Cela m'amène à vous parler du Conseil de la famille que
nous avons décidé de créer. On sait que, dans le
passé, il existait un conseil qui avait les deux vocations,
c'est-à-dire un conseil qui portait le titre de Conseil des affaires
sociales et de la famille et qui avait donc comme vocation de se
préoccuper des affaires sociales tout autant, sinon plus, que de la
famille. On se rappellera les déclarations de la présidente de
cet organisme-là qui disait: De 1981 à 1985 - je pense que
c'était en réponse à une question du député
de Laviolette d'ailleurs, si je me rappelle bien - nous n'avons rien fait parce
que cela n'intéressait pas les ministres qui étaient, à ce
moment-là, titulaires du ministère de la Santé et des
Services sociaux. On se rappelle que les titulaires du ministère de la
Santé et des Services sociaux, à cette époque-là,
ont été l'ancien chef de l'Opposition, M. Johnson et M. le chef
parlementaire de l'Opposition, M. le député de Joliette. Ces deux
personnages semblaient ne pas s'intéresser à la politique
familiale, ce qui a fait que le Conseil des affaires sociales et de la famille,
qui avait quand même le mandat de s'occuper expressément de la
famille, ne s'en occupait pas.
Nous avons décidé d'abord de mettre en évidence le
dossier famille et, ensuite, de nous assurer qu'un conseil ait exclusivement le
mandat de se préoccuper de politique familiale et de
développement de la famille, non seulement auprès du
gouvernement, mais également en regard des autres intervenants que nous
avons dans la société et qui, eux aussi, peuvent avoir une
influence, comme je l'ai mentionné tout à l'heure, sur la
politique familiale, sur un redressement des valeurs familiales et sur un
redressement des situations familiales.
Nous avons effectivement eu un débat qui a duré quelques
mois sur ta création de ce Conseil de la famille, et où
l'Opposition s'est dite insatisfaite des pouvoirs et fonctions de ce conseil.

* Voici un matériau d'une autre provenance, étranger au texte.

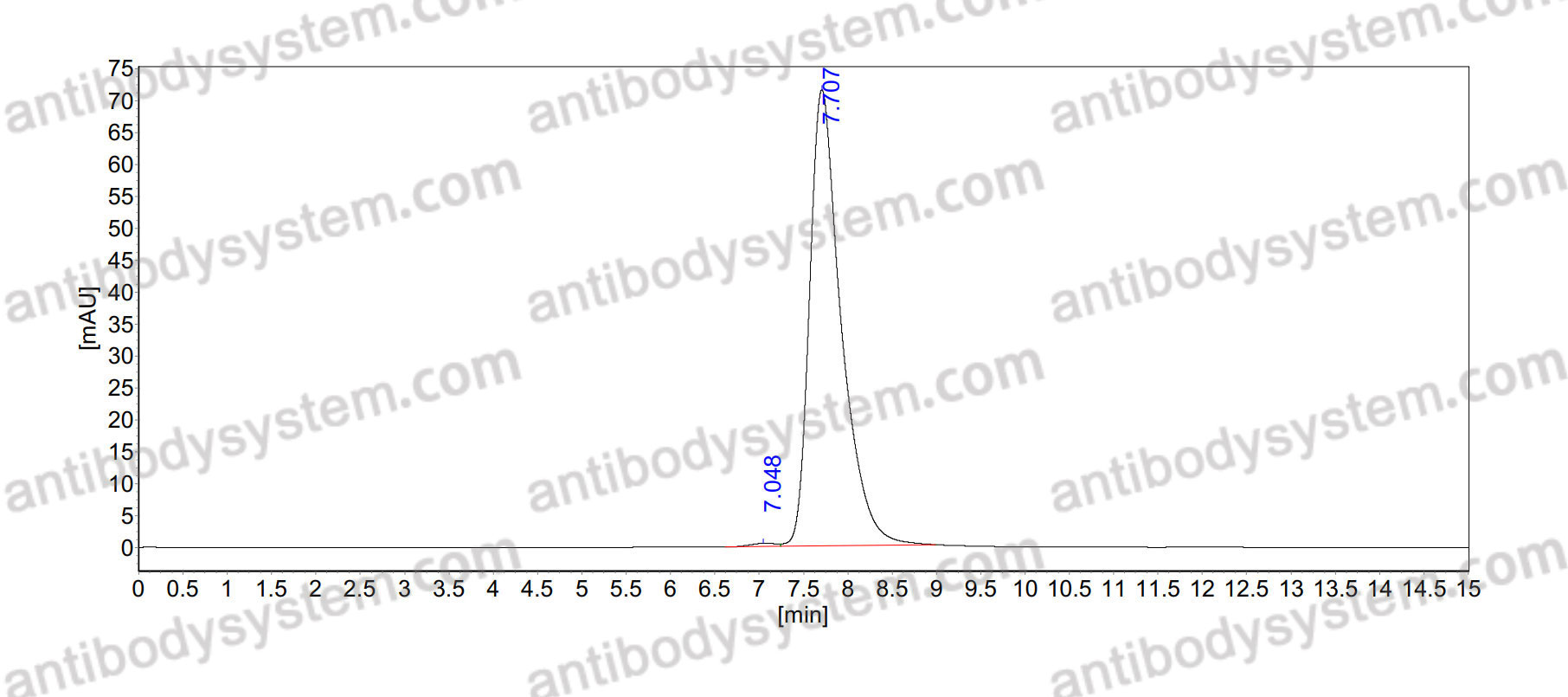 SEC-HPLC for Anti-Human CXCL12/SDF-1 Antibody (SAA0467) ?>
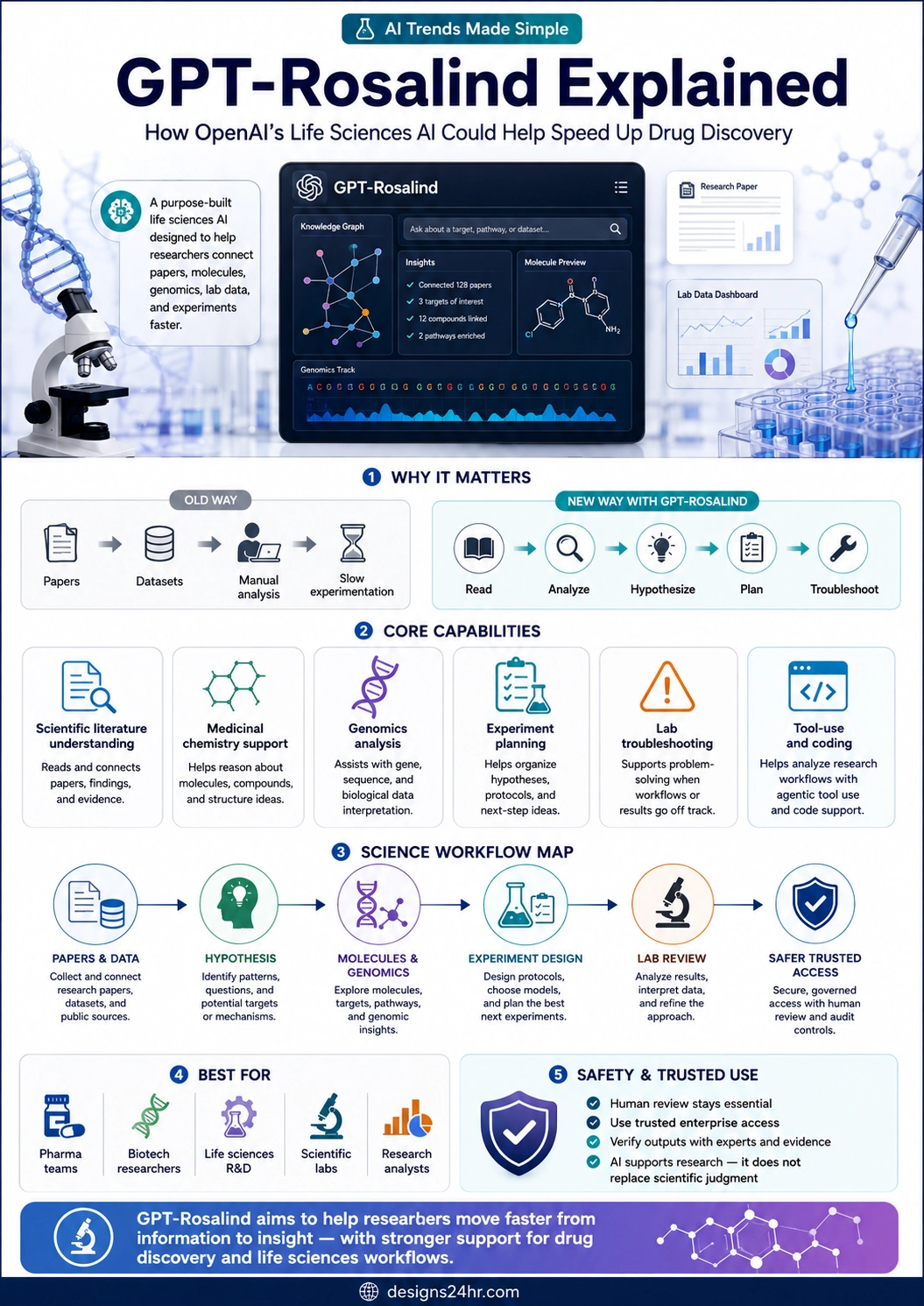 Vertical infographic explaining GPT-Rosalind, OpenAI’s life sciences AI, including research papers, genomics, molecules, experiment planning, lab troubleshooting, scientific workflows, trusted access, and safer human-reviewed drug discovery support.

M. le Président, je tiens à répéter, je l'ai
déjà dit, que le Conseil de la famille a davantage de souplesse,
de pouvoirs et de possibilités qu'en avait le Conseil des affaires
sociales et de la famille, à plusieurs chapitres. J'en mentionne un: la
recherche et les études. Au Conseil des affaires sociales et de la
famille, il fallait obtenir l'autorisation du ministre pour pouvoir les faire.
Au Conseil de la famille, ce n'est qu'après consultation avec le
ministre délégué à la Famille que l'on peut faire
les études et la recherche. Consultation et approbation, c'est bien
différent. C'est un progrès. Merci.
Le Président (M. Bélanger): Je vous remercie, M. le
ministre. Je reconnais le député de Sainte-Marie.
M. Michel Laporte
M. Laporte: Merci, M. le Président. Il me fait plaisir de
prendre la parole ce matin à cette interpellation qui concerne la
politique familiale, étant donné que je représente un
comté, comme on dit habituellement, socialement
défavorisé. Les mesures annoncées dans le dernier budget
me servent ou, à tout le moins, m'incitent à intervenir ce matin.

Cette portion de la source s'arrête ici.